Der Begriff “Mittelmotor” ist eine sehr unscharfe und oft fälschlich gebrauchte Bezeichnung, die ursprünglich nicht technisch, sondern umgangssprachlich entstanden ist. Richtig durchgesetzt hat sich der Begriff erst mit den Formel-Rennwagen der 60er-Jahre. So ist zum Beispiel 1933 der gerade erschienene Auto Union 16-Zylinder Rennwagen zu seiner Zeit als Heckmotorrennwagen bezeichnet worden, obwohl er nach heutiger Lesart ein reiner Mittelmotorwagen ist. Neben dem Begriff Mittelmotor gibt es noch die Bezeichnung Front-Mittelmotor.

Heute versteht man unter einem Mittelmotor-Sportwagen die Anordnung der Motor-Getriebe-Einheit vor den Hinterrädern, aber hinter den Sitzen. In der Anordnung Front-Mittelmotor liegt der Motor hinter den Vorderrädern, aber vor den Sitzen (beispielsweise Bizzarini 5300). Nach diesem Verständnis wären sehr viele Vorkriegswagen Front-Mittelmotor-Autos, die jedoch als Frontmotor-Autos bezeichnet werden.

Ein weiteres Merkmal „echter“ Mittelmotorwagen ist die konsequente Ausnutzung dieses Prinzips. Das Getriebe liegt hinter dem Motor, direkt daran angeflanscht ist das Differential. Bei dieser Anordnung entfällt beispielsweise die Kardanwelle. In diesem Sinne ist der Countach eine Sonderform, da bei ihm das Getriebe vor dem Motor liegt.

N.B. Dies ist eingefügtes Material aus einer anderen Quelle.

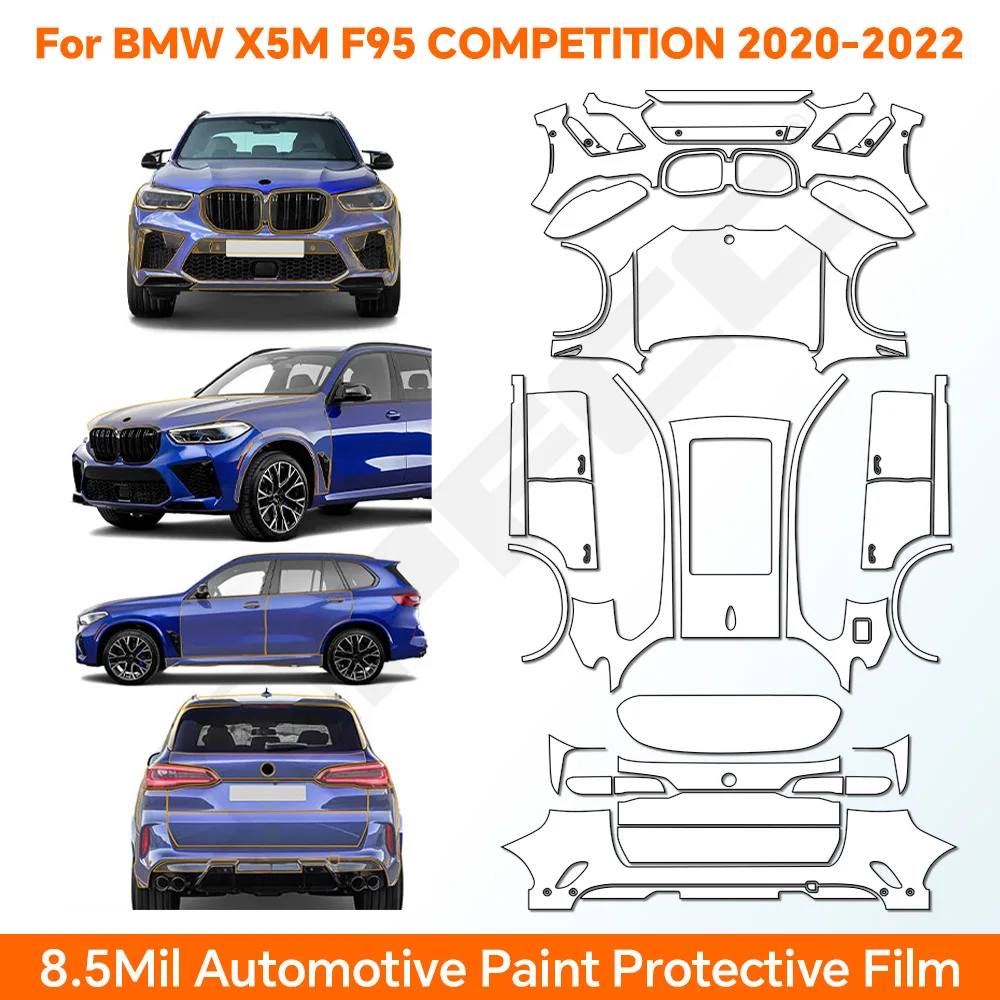 TPU For BMW X5 M F95 COMPETITION 2020-2022 Paint Protection Film Clear Bra Car Body Anti-Scratch Pre-Cut PPF Resistant Invisible
TPU For BMW X5 M F95 COMPETITION 2020-2022 Paint Protection Film Clear Bra Car Body Anti-Scratch Pre-Cut PPF Resistant Invisible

Der Mittelmotor hat den extremen Vorteil, dass die größten Gewichtstreiber wie Motor und Getriebe im oder beim Mittelpunkt des Fahrzeugs liegen. Das schafft eine ausgeglichene Gewichtsverteilung und ein prinzipiell positives Handling. Beim Fahren verhalten sich Mittelmotorautos entsprechend bis zum Grenzbereich extrem handlich und neutral. Allerdings: Durch das Gewicht im Schwerpunkt eines Fahrzeugs ist der Grenzbereich extrem schmal. Ist er überschritten, kommt das Übersteuern ohne lange Vorwarnzeit. Es gibt fast nur Mittelmotorautos mit Heckantrieb, in den vergangenen Jahren bei Lamborghini auch mit Allradantrieb.